↓
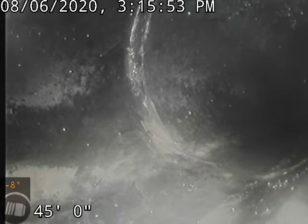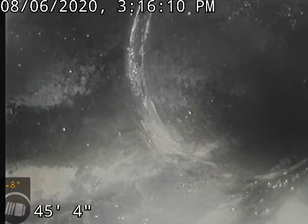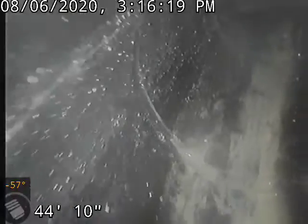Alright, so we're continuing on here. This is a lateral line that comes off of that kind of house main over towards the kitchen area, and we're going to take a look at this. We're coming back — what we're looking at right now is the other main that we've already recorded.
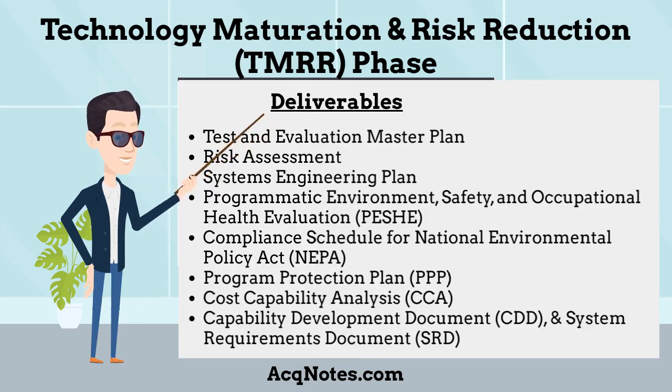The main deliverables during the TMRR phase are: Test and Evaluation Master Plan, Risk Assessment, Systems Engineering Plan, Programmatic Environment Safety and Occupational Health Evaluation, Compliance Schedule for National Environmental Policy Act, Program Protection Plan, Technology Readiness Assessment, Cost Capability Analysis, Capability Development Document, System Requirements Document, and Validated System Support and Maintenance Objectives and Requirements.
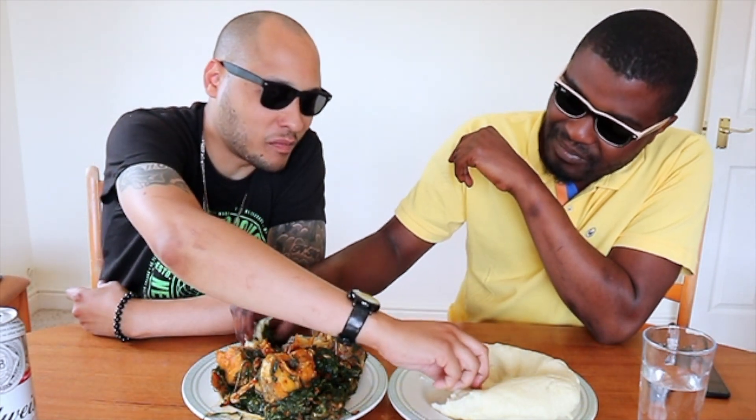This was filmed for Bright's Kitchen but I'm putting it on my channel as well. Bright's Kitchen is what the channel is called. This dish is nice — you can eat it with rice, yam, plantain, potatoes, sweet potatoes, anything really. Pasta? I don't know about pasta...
↑
↓
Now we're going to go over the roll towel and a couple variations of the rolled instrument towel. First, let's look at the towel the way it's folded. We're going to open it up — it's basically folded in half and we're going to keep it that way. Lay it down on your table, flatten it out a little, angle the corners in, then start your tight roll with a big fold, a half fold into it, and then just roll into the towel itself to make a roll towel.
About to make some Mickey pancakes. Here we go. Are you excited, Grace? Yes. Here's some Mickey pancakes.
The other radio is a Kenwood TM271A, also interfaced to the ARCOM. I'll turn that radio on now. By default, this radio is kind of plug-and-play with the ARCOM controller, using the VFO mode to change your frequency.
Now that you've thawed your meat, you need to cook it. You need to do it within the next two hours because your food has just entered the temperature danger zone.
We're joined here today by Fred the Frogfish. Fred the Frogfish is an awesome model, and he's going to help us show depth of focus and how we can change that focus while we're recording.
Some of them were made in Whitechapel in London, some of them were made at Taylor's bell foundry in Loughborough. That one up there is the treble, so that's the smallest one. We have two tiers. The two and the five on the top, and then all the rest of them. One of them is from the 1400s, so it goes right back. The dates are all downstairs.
↑
↓
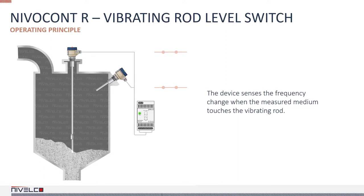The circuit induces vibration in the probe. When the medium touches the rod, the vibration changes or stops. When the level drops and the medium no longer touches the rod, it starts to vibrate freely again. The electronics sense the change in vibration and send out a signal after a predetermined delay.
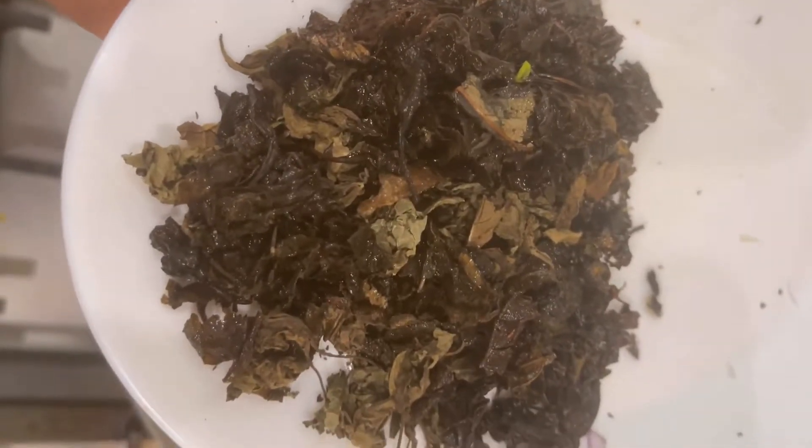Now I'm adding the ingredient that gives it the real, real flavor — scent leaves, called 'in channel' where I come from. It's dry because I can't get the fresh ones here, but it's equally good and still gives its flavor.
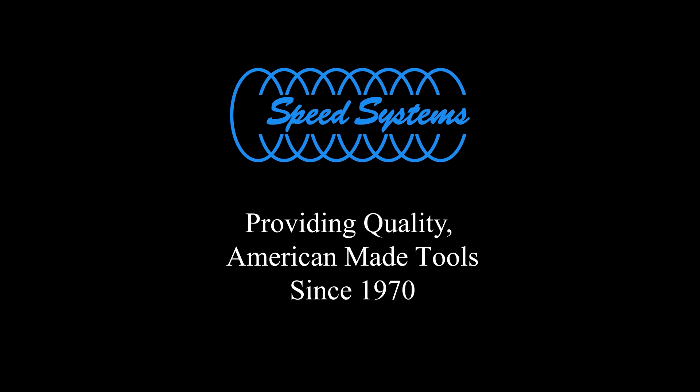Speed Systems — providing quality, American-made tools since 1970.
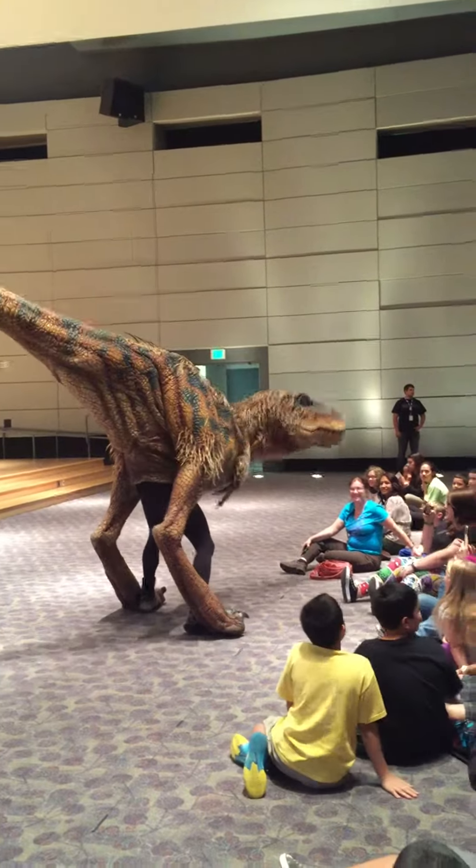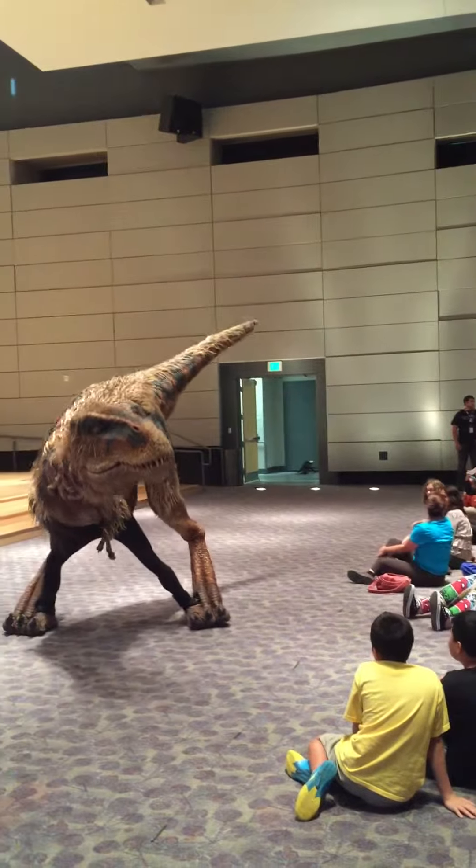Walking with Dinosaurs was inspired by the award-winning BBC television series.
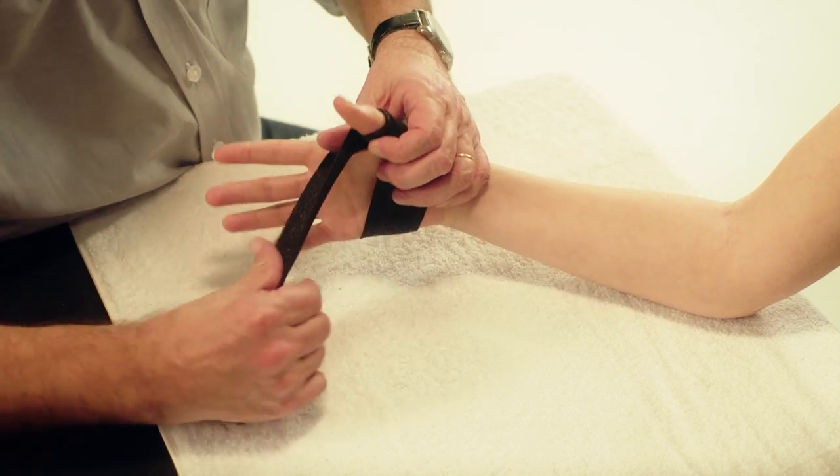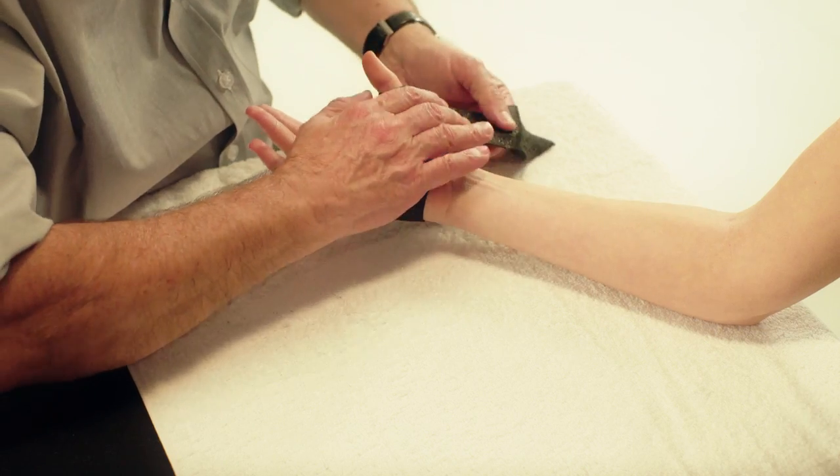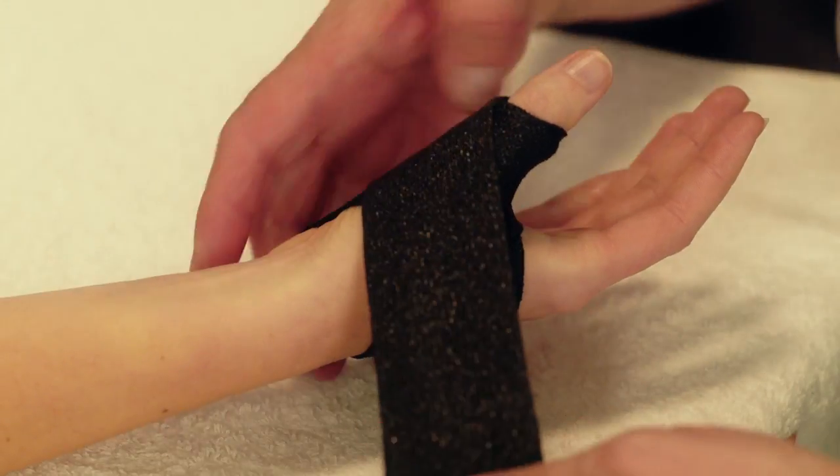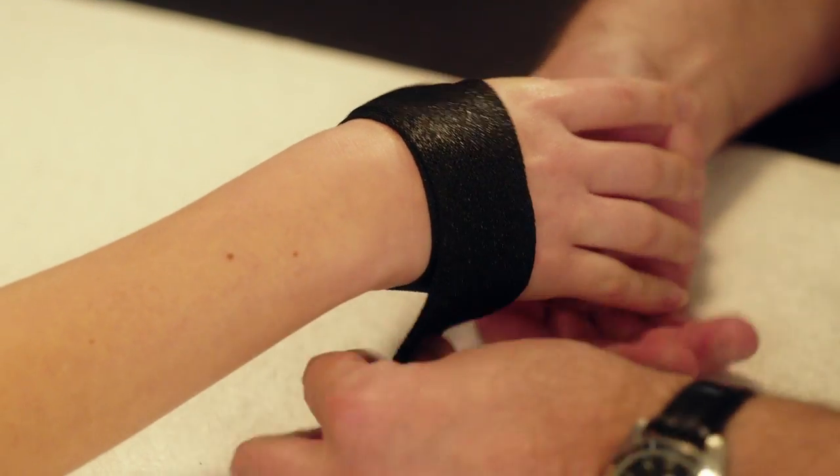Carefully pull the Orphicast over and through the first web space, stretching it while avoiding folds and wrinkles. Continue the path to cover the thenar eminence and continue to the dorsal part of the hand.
↑
▸ **Exercise requirements**
Look above for the line holding "The other radio" and the line holding "Some of them were made in", then output exactly those two lines and every line between them, nothing more.

▸ **Exercise solution**
The other radio is a Kenwood TM271A, also interfaced to the ARCOM. I'll turn that radio on now. By default, this radio is kind of plug-and-play with the ARCOM controller, using the VFO mode to change your frequency.
Now that you've thawed your meat, you need to cook it. You need to do it within the next two hours because your food has just entered the temperature danger zone.
We're joined here today by Fred the Frogfish. Fred the Frogfish is an awesome model, and he's going to help us show depth of focus and how we can change that focus while we're recording.
Some of them were made in Whitechapel in London, some of them were made at Taylor's bell foundry in Loughborough. That one up there is the treble, so that's the smallest one. We have two tiers. The two and the five on the top, and then all the rest of them. One of them is from the 1400s, so it goes right back. The dates are all downstairs.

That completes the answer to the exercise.